C'est d'ailleurs pour ça que je pense que le film possède la côte d'amour qu'il a actuellement (65ème meilleur film ever sur IMDB à l'heure où j'écris ces lignes) : c'est un divertissement total, intelligent, original autant dans ce qu'il raconte que dans sa façon de le raconter, et avec une touche visuelle unique qui est à mon sens le plus beau mélange d'inspirations cross-media depuis
Speed Racer. Tout le parcours de Miles Morales est passionnant, le script évite constamment les pièges de l'énième adaptation du même super-héros, et tout le potentiel du Spider-Verse se confirme à l'écran, avec un bon mélange des genres et des styles, ou comment faire évoluer dans le même cadre des personnages issus d'inspirations complètement différentes (en témoigne Spider-Ham, et son look/animation en mode Tex Avery, ou encore Peni Parker en mode animé japonais). C'est tout un film sur la cohésion d'équipe, et pour le coup ça se ressent super bien dans la mise en scène, qui doit, je pense, beaucoup à la présence de Peter Ramsey, qui avait auparavant réalisé
Rise of the Guardians, lui aussi film de super-héros qui gérait parfaitement dans le même cadre l'utilisation de plusieurs personnages sans jamais donner trop d'importance à certains par rapport à d'autres.

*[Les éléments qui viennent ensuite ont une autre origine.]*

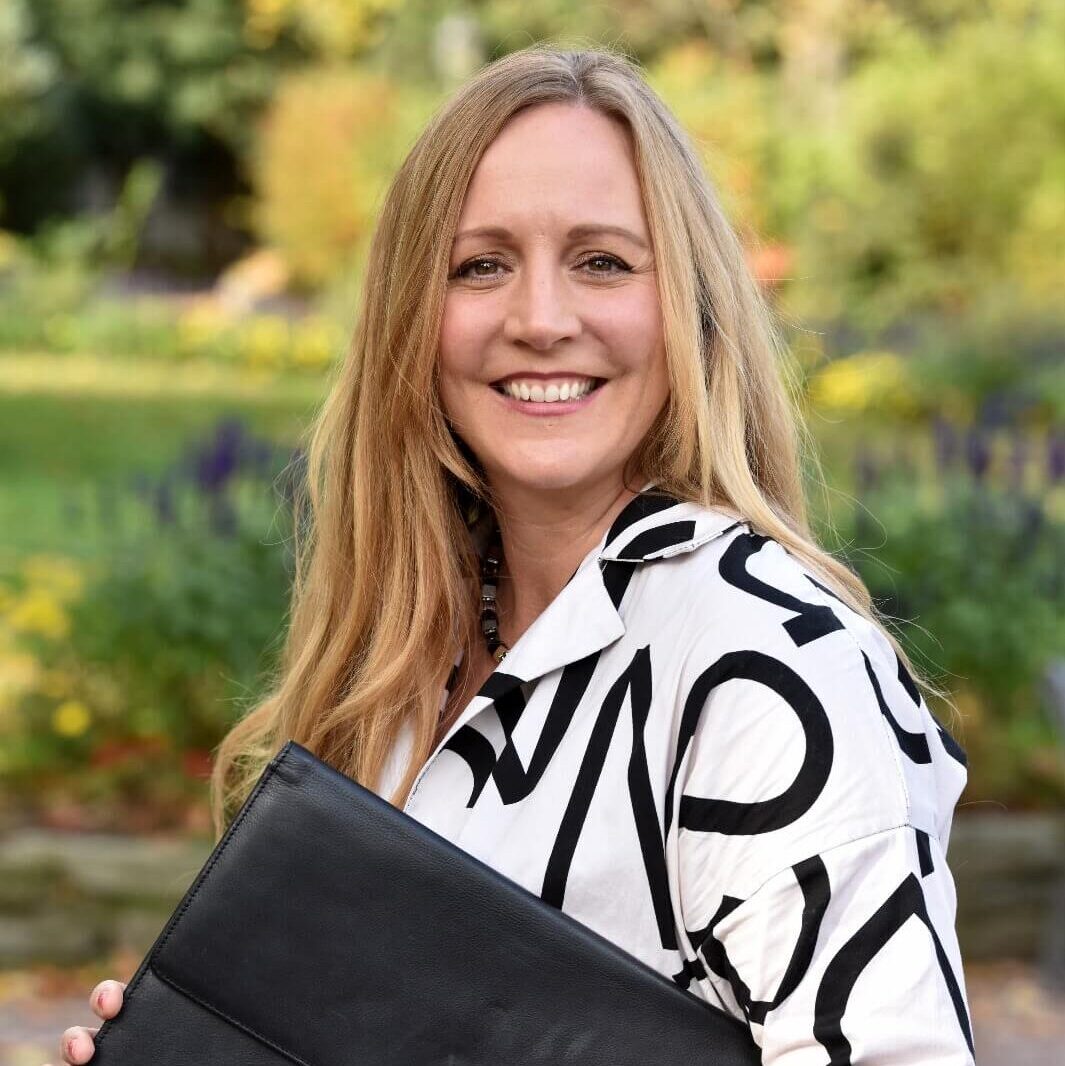 Anna Gloux mit Aktenmappe im Park – Ihre strategische Immobilienmaklerin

Formellement, je l'ai déjà dit : c'est l'un des films les plus dingues de ces dernières années, autant dans sa direction artistique que dans sa réalisation. Il y a une idée de mise en scène toutes les cinq secondes, et chaque vision permet de découvrir des petits détails dans le cadre, des idées de raccord, de narration. Bref, c'est un film qui fourmille d'inventivité, et autant on aurait pu aisément tomber dans le piège du too much, autant le métrage arrive constamment à se recentrer sur ce qui fait le cœur du métrage, notamment du côté de l'émotion. C'est rare qu'un film arrive à me faire passer du rire aux larmes dans la même minute, et ce
Into the Spider-Verse fait parti de ce cercle fermé. C'est hilarant à de nombreuses reprises (la découverte des pouvoirs ou du premier Spider-Man alternatif, ce sont de très grands moments de comédie), mais c'est aussi un film très sérieux sur la prise de responsabilités, d'indépendance, de choisir qui va être le modèle de vie sur lequel on va se baser dans les années à venir (super storyline croisée du père et de l'oncle), et ça donne de superbes scènes comme celle de la confession d'un père à son fils à travers une porte fermée : comment exprimer des sentiments compliqués dans une situation tout ce qu'il y a de plus simple.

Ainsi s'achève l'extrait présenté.